Television, for example, is almost always considered a primary medium, with the ability to deliver an advertising message to virtually everyone. However, with careful planning and analysis, television can be used to focus more sharply on specific target segments and particular communications objectives.

Key Questions

To make sure you are considering, and ultimately purchasing, the most effective media to meet your communication objectives, ask yourself:

Whom do I want to reach?

The answer to this question will dictate how your media plan will be developed. It is extremely important to first understand who your target audience is from a marketing point of view. A simple age and gender demographic description does not tell you who your target audience truly is. For example, in the case of occupant protection, the target audience in some cases has been described as “young males who do not wear their safety belts when riding in a motor vehicle, especially those who drive pickup trucks.” This target tends to skew more blue-collar, and the programming selected to reach them can be different than that used to reach a general male 18-34 target.
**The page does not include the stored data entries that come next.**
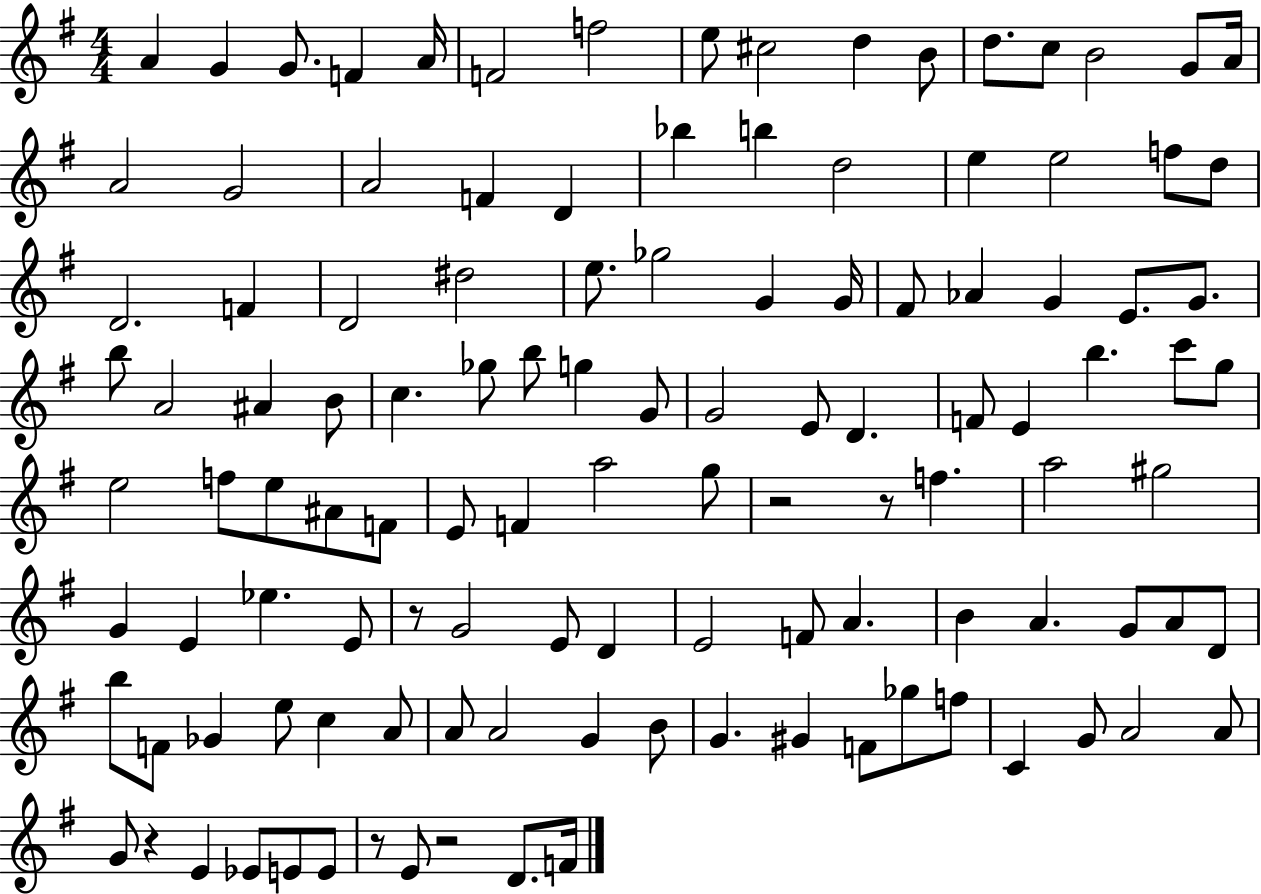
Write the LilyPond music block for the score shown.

{
  \clef treble
  \numericTimeSignature
  \time 4/4
  \key g \major
  a'4 g'4 g'8. f'4 a'16 | f'2 f''2 | e''8 cis''2 d''4 b'8 | d''8. c''8 b'2 g'8 a'16 | \break a'2 g'2 | a'2 f'4 d'4 | bes''4 b''4 d''2 | e''4 e''2 f''8 d''8 | \break d'2. f'4 | d'2 dis''2 | e''8. ges''2 g'4 g'16 | fis'8 aes'4 g'4 e'8. g'8. | \break b''8 a'2 ais'4 b'8 | c''4. ges''8 b''8 g''4 g'8 | g'2 e'8 d'4. | f'8 e'4 b''4. c'''8 g''8 | \break e''2 f''8 e''8 ais'8 f'8 | e'8 f'4 a''2 g''8 | r2 r8 f''4. | a''2 gis''2 | \break g'4 e'4 ees''4. e'8 | r8 g'2 e'8 d'4 | e'2 f'8 a'4. | b'4 a'4. g'8 a'8 d'8 | \break b''8 f'8 ges'4 e''8 c''4 a'8 | a'8 a'2 g'4 b'8 | g'4. gis'4 f'8 ges''8 f''8 | c'4 g'8 a'2 a'8 | \break g'8 r4 e'4 ees'8 e'8 e'8 | r8 e'8 r2 d'8. f'16 | \bar "|."
}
Many television and radio stations, as well as cable systems, subscribe to syndicated qualitative research (Scarborough, Media Audit) that can be very helpful in identifying the most effective media to use based on your marketing target audience description. They also can supply you with the demographic performance information from Nielsen (TV) and Arbitron (radio).

What’s the budget?

The media budget must be compatible with the objectives. Media plans can be designed to reach broader targets (such as adults 18+) or narrower segments (such as men 18-34). In the case of television, the narrower target description (men 18-34) requires greater selectivity of programming that specifically skews to the target. This is almost always more cost-effective; the extent of the differential is based on audience availability, programming that satisfies the target delivery and marketplace supply and demand. Knowing this, the planner must take a realistic look at the media the budget will afford. A lower budget may require focusing on less expensive — but highly targetable — cable TV programming (Comedy Central, TNT) rather than on broadcast TV outlets (Fox, NBC).

Other Questions

In addition to targeting the audience you want to reach, and knowing how much money you have to spend, the following questions can help you find the most effective media to reach a particular target audience:

What level of communication do you want the campaign to achieve?
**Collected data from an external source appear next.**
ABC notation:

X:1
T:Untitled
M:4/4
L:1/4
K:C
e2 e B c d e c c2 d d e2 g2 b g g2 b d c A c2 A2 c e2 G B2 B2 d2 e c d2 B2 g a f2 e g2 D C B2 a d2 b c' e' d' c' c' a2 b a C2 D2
Are you looking for higher reach (talking to as many members of your target audience as possible) or higher frequency (talking to members of your target audience as many times as possible)? In the case of Click It or Ticket, the advertising campaign is just two weeks long. Due to this very short advertising period, your strategy should focus on building frequency in delivering your message to the appropriate audience. Remember, we are trying to effect a change in behavior. Repeat exposure to the advertising message is needed to do this.

Will the plan use one medium or several media?

If more than one, do you have a sufficient budget to enable you to use each medium effectively? For example, if your plan calls for building frequency, you do not want to over-commit to prime-time programming with broadcast television, which gives you great reach but is probably too expensive to deliver the frequency you want. Husbanding dollars by using less prime-time programming should allow for a cable and/or radio effort to build frequency on top of your broadcast base.

How long will the schedule run?

A short campaign dictates use of those media that build their total potential audience quickly. For example, TV and radio can achieve a large measure of their total reach potential in two weeks, while a weekly magazine can take as much as 10 weeks.

When do you want it to run?

Local TV viewing levels vary from season to season for most target groups in most dayparts (prime time, late night, etc.). Some of these shifts may be very pronounced, especially in the summer. Therefore, identifying these conditions is critical to choosing the correct medium.

Where will it run?

Knowing where your target audience is physically can greatly affect your choice of medium. If your target is clustered in counties that are part of another state’s designated marketing area (DMA), then a localized cable TV effort may be the best way to geographically target this group as opposed to buying the large-market radio or broadcast TV stations in the adjoining state.